In the LS subgroup WES expanded the set of patients from our centre diagnosed with complex I deficiency by three known genes: NDUFS6 [63, 64], NDUFV1 [65, 66], NDUFS7 [67], a new candidate NDUFB8 [68] and five MTNDs mentioned above. Despite this, complex I deficiency continues to be underrepresented in our cohort in relation to complex IV deficiency because of the high carriage rate of SURF1 mutations in Poland [69]. In a number of cases with basal ganglia brain changes, WES failed to show mutations in known LS-associated genes. This was especially the case in patients without lactic acidaemia and MDC scores below 5 (MD possible but not likely). We speculate that other, still unknown, genes or non-genetic factors might influence the occurrence of LS-brain changes.

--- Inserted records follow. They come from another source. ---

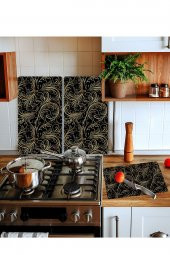 Takım Halinde Buğlem 20x30 Cm Kesme Tablası Ve 60x52cm Cam Ocak Koruyucu 4lü Ocaklar - 1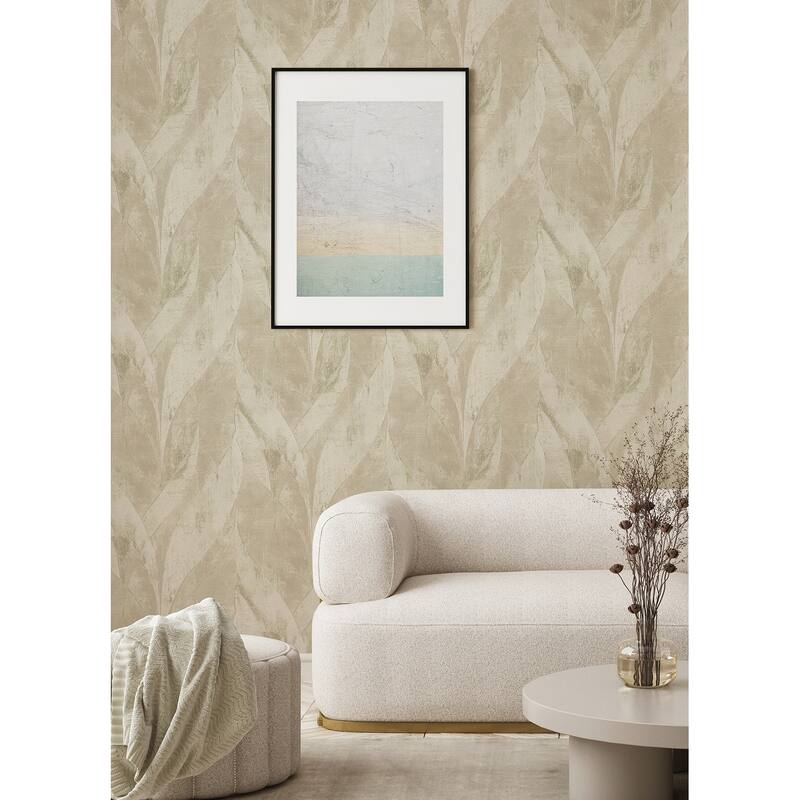 Geometrics Laon Blake Denim Leaf 33 ft L X 20.9 in W Wallpaper.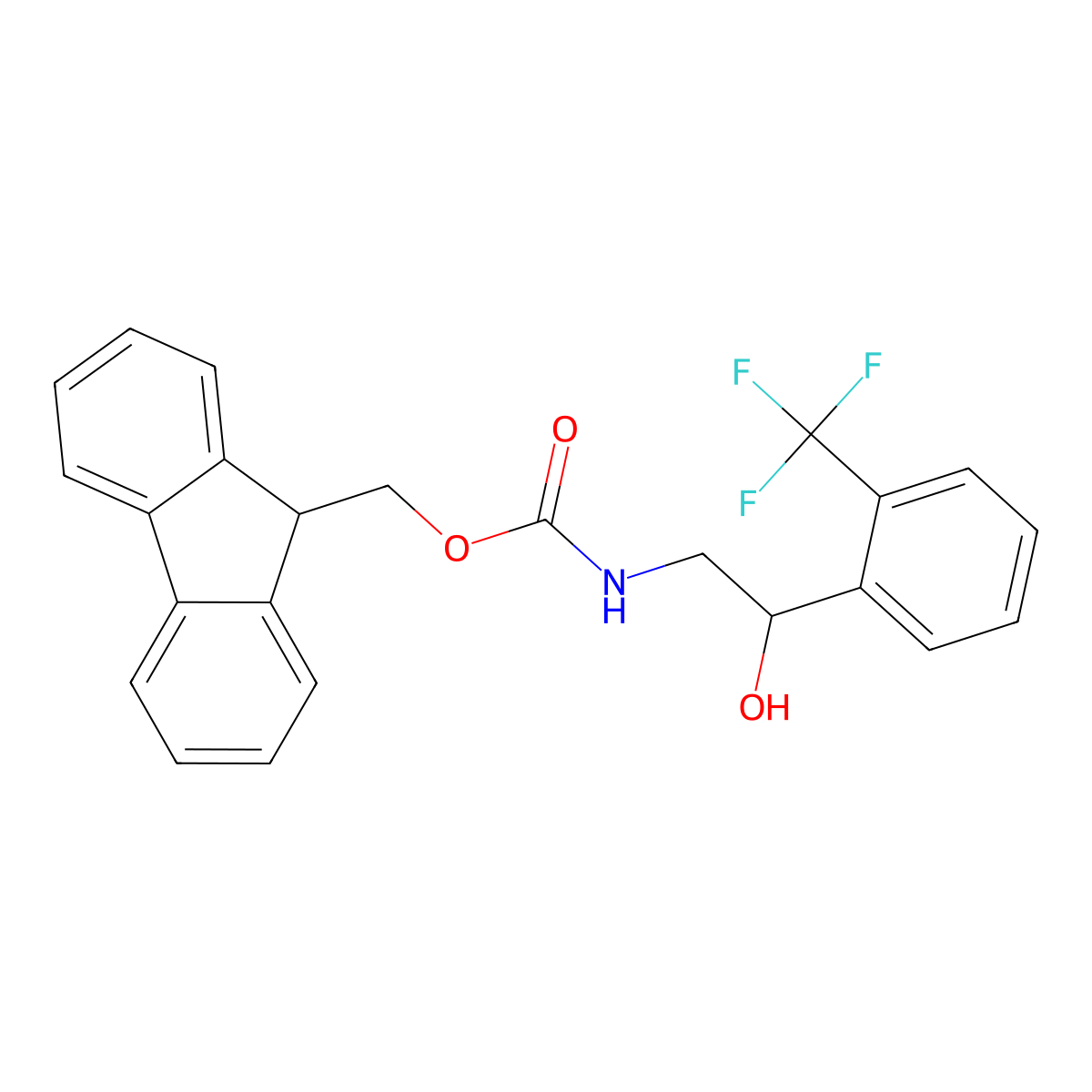(9H-fluoren-9-yl)methyl N-{2-hydroxy-2-[2-(trifluoromethyl)phenyl]ethyl}carbamate molecular structure, CAS 2764020-81-5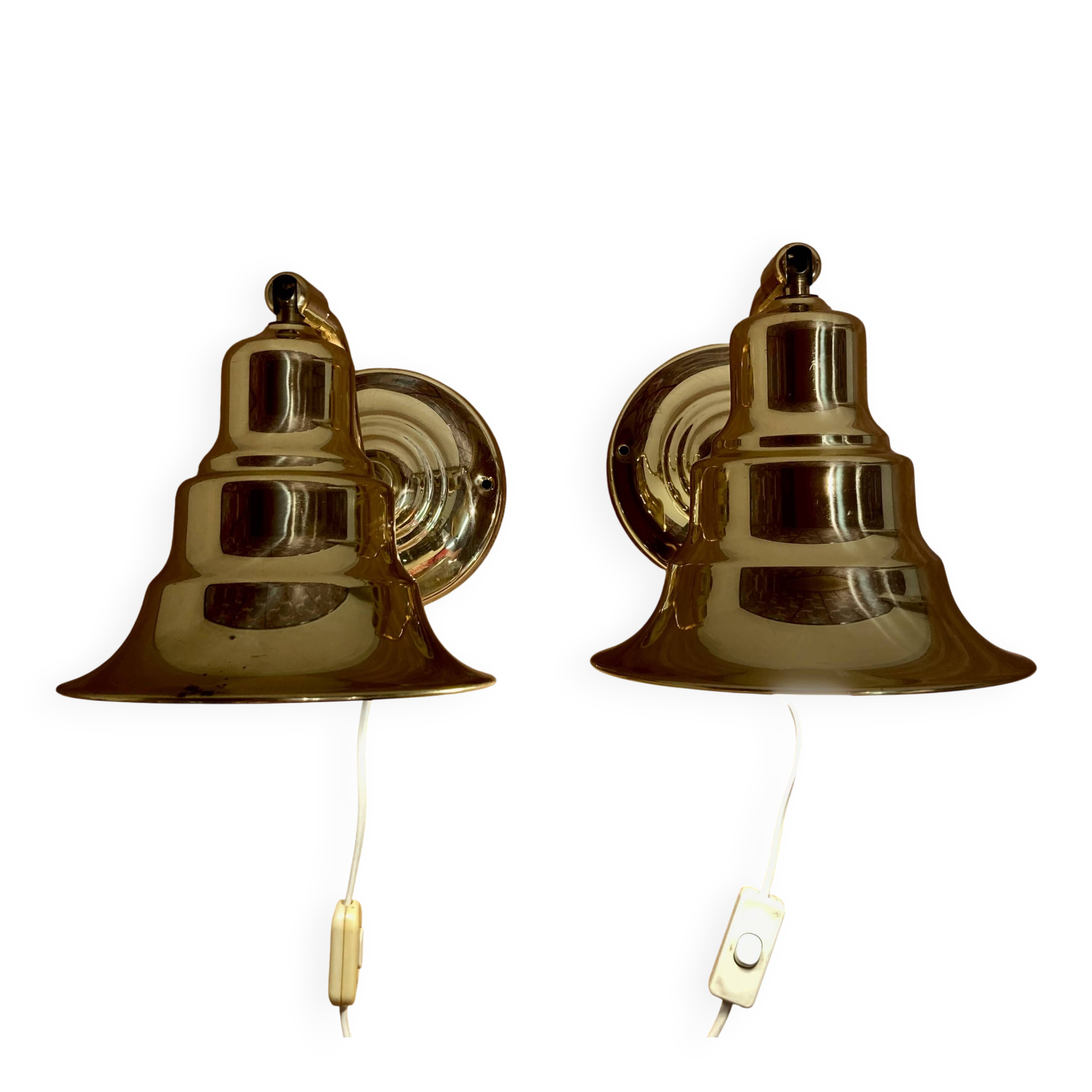 Pair of modular wall lights Scandinavian design 1960.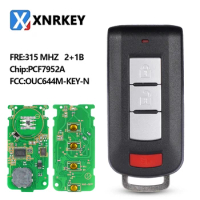 XNRKEY 2+1 Button Smart Remote Key Fob 433Mhz FSK PCF7952/ID46 Chip for Mitsubishi Lancer Outlander ASX Replament Car Key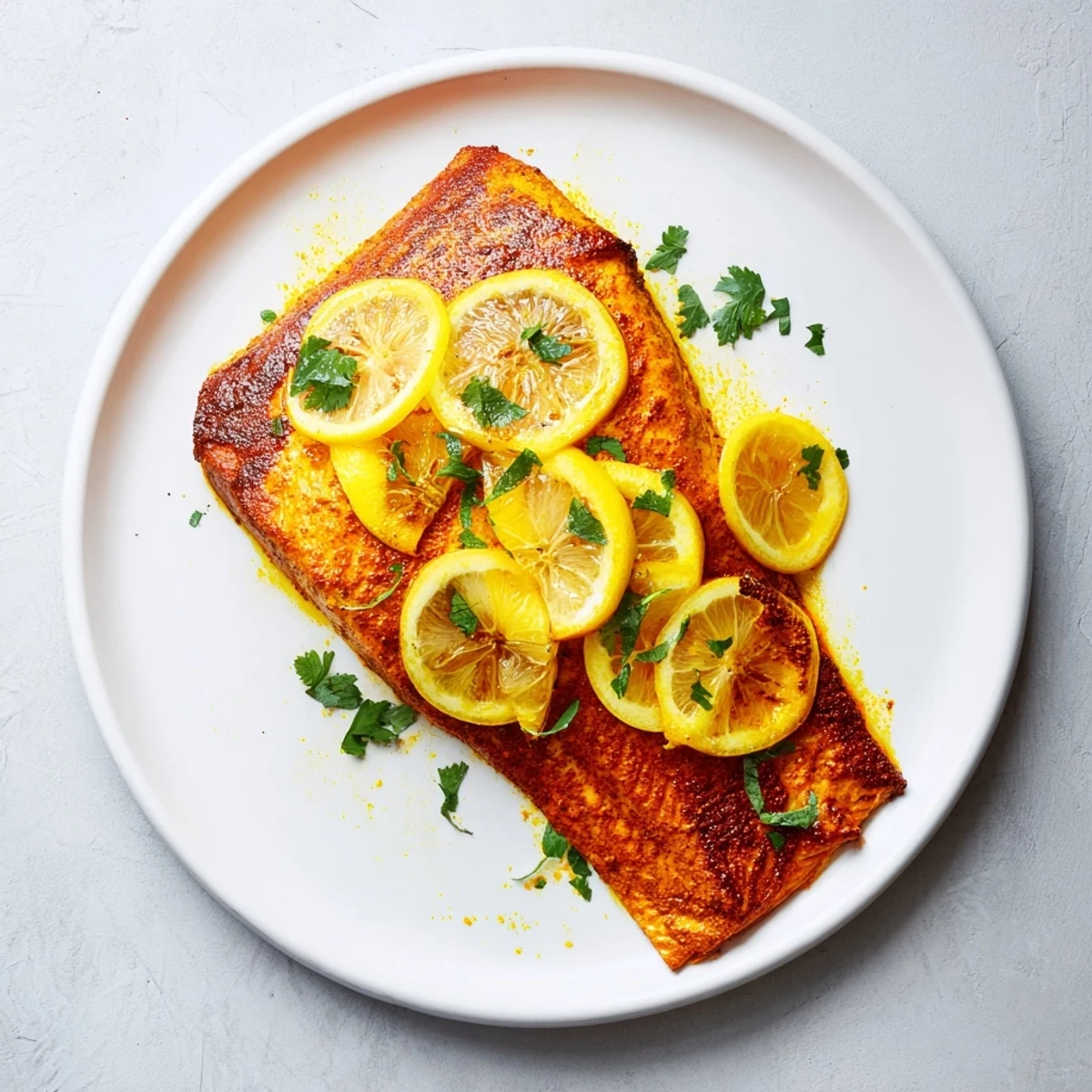 Golden, flavorful Seared Hearth Baked Turmeric Lemon Salmon, fresh from the oven, ready to serve.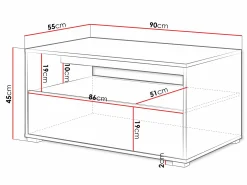Sofabord Sarasota 188 (Wotan eg + Hvid)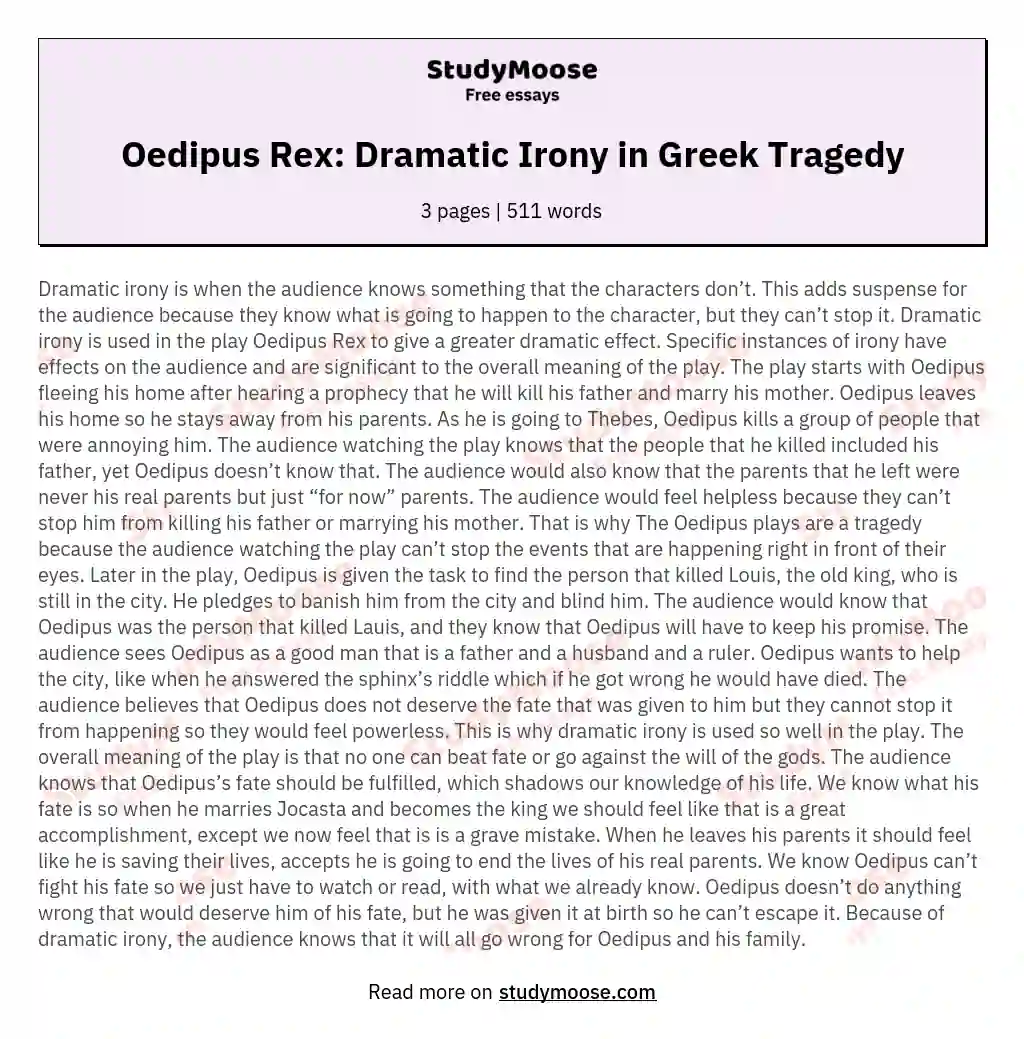 Oedipus Rex: Dramatic Irony in Greek Tragedy essay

Taken together, our results indicate that WES rather than targeted NGS should be the method of choice for MD testing, at least until all MD-associated genes are identified. Furthermore, the rationale for choosing WES in MD-suspected neonates is the non-specificity of symptoms and overlapping results of biochemical tests with non-mitochondrial errors of metabolism.

In 50.5 % the molecular variants were novel (Table 3). However, a number of recurrent rare pathogenic variants found in some recently discovered MD genes (p.Arg22* in FBLX4, p.Arg518Cys in ACAD9, p.Arg417* in CLPB and c.1822_1828+10delinsACCAACAGG in SERAC1) may extend the ethnic specificity of MD in the Polish population reported earlier by us for variants p.Glu140Lys in SCO2 [14] and c.845_846delCT in SURF1 genes [69]. Confirmation of these findings could facilitate in-house diagnostics in selected suspected cases.